No período, o estado conseguiu diminuir o percentual de presos provisórios. Segundo levantamento do G1, em 2015, 27,2% dos presos do estado ainda estavam aguardando julgamento. Já em janeiro deste ano, o percentual era de 24,3%. No mesmo período, o índice nacional também apresentou uma leve queda - passou de 38,6% para 37,1%. Outros estados, como o Rio Grande do Sul, tiveram um aumento no percentual.
Deolindo afirma que diminuir o número de provisórios é, de fato, um dos objetivos da realização das audiências de custódia, mas um objetivo considerado secundário. "Os objetivos imediatos são verificar a circunstâncias da prisão e, sobretudo, se houve violência policial. Em que circunstância aconteceu esse fato relatado, é crime ou não? E a autoridade policial agiu dentro da lei?", afirma.
"Queremos garantir a integridade física do preso. Garantir a qualquer indivíduo preso o direito de ser levado a um juiz, a um profissional imparcial, no menor prazo possível. Muita gente do mau é presa em flagrante, sim, mas tem que gente que não é do mau e estava no lugar errado com as companhias erradas, e acaba preso. (...) O objetivo é prendermos melhor. Se vamos prender mais ou menos, só o futuro vai dizer."
Superlotação dos presídios
As audiências de custódia estão previstas no pacto de San José da Costa Rica, a Convenção Interamericana de Direitos Humanos. Segundo o presidente do Supremo Tribunal Federal (STF), o ministro Ricardo Lewandowski, afirmou ao G1 em 2015, período em que as audiências estavam sendo implantadas no país, elas asseguram um direito do preso, já que “o Brasil tem sido condenado por tribunais internacionais por causa desta situação prisional caótica”.

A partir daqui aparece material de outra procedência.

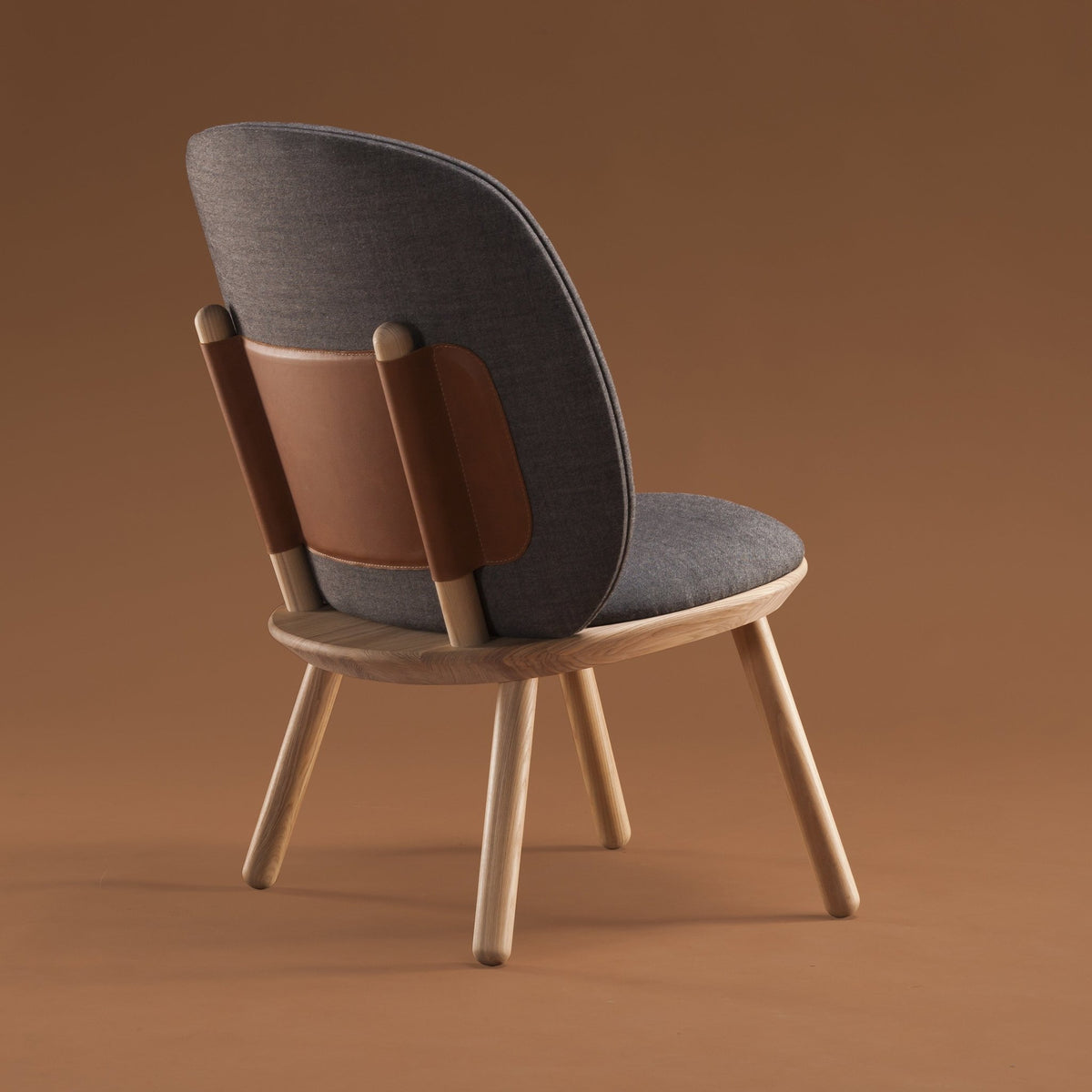 Fauteuil en tissu gris Naïve - EMKO - The Cool Republic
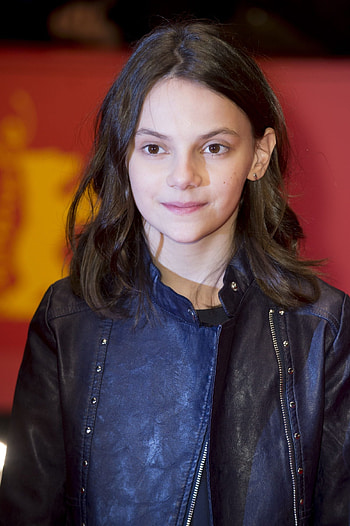 Dafne Keen , Stunning visuals, Cinematic appeal, Iconic HD phone wallpaper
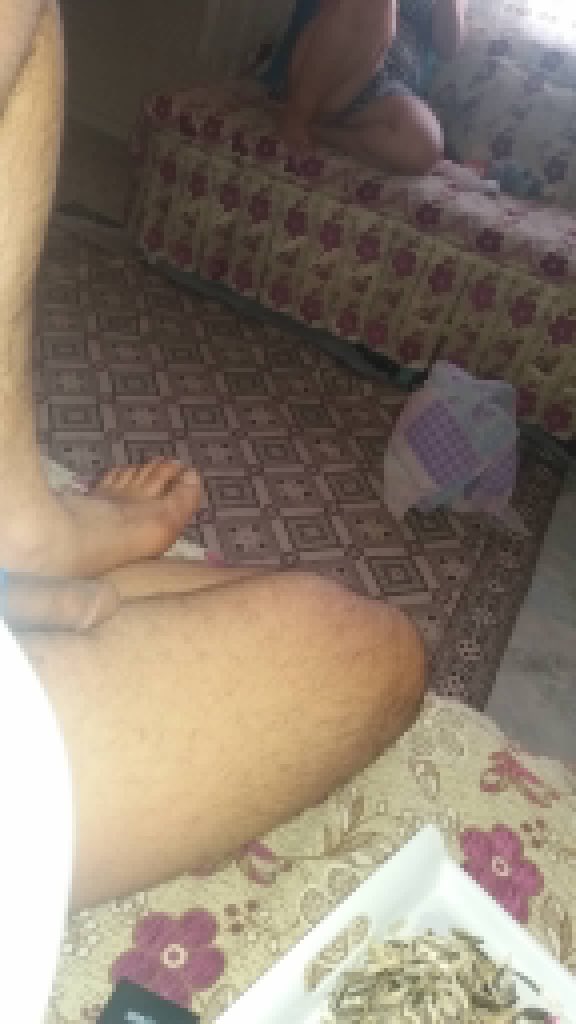 AiekHc's tweet photo. امي مشتهيه شافت زبي وقالت ماينفع بدي زب طويل https://t.co/W3V56Tj8ud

O ministro ainda afirmou que as audiências combatem os “males da cultura do encarceramento no país”. Levantamento do G1 publicado em janeiro deste ano mostra que, com o aumento no número de presos no sistema penitenciário, o Brasil já contabiliza um déficit de 273,3 mil vagas. Entre 2015 e 2017, a superlotação aumentou de 65,8% para 69,2%.
Segundo o CNJ, em janeiro de 2016, o conselho pediu aos tribunais de todos os estados que encaminhassem seus planos e cronogramas de expansão das audiências, que, hoje, se concentram majoritariamente nas capitais. Alguns tribunais e magistrados já haviam iniciado as tratativas para a expansão da metodologia, como nos casos dos estados de Espírito Santo, Rio de Janeiro, Ceará, Santa Catarina e São Paulo. Não há, porém, um cronograma de expansão das audiências para todo o país, de forma integral.
Como funciona uma audiência
Para que o sistema pudesse ser implantado, os tribunais tiveram que adaptar salas e reforçar o policiamento interno. A sessão começa com o juiz questionando ao preso se ele quer falar sobre o crime do qual é acusado e se possui residência e emprego fixos.
Em seguida, um promotor, que faz a acusação, e um defensor público (que serve como advogado para detidos de baixa renda, que são a maioria) fazem perguntas e ponderações que podem ajudar o juiz a tomar a decisão. O tempo médio de cada sessão é de 20 minutos.
Para determinar a liberdade provisória a alguém, um magistrado considera os antecedentes criminais, o risco que o suspeito representa permanecendo nas ruas e a gravidade do crime, entre outros critérios. Ao autorizar a liberdade, o juiz pode aplicar fiança ou medidas cautelares e também a prisão domiciliar, algo mais raro.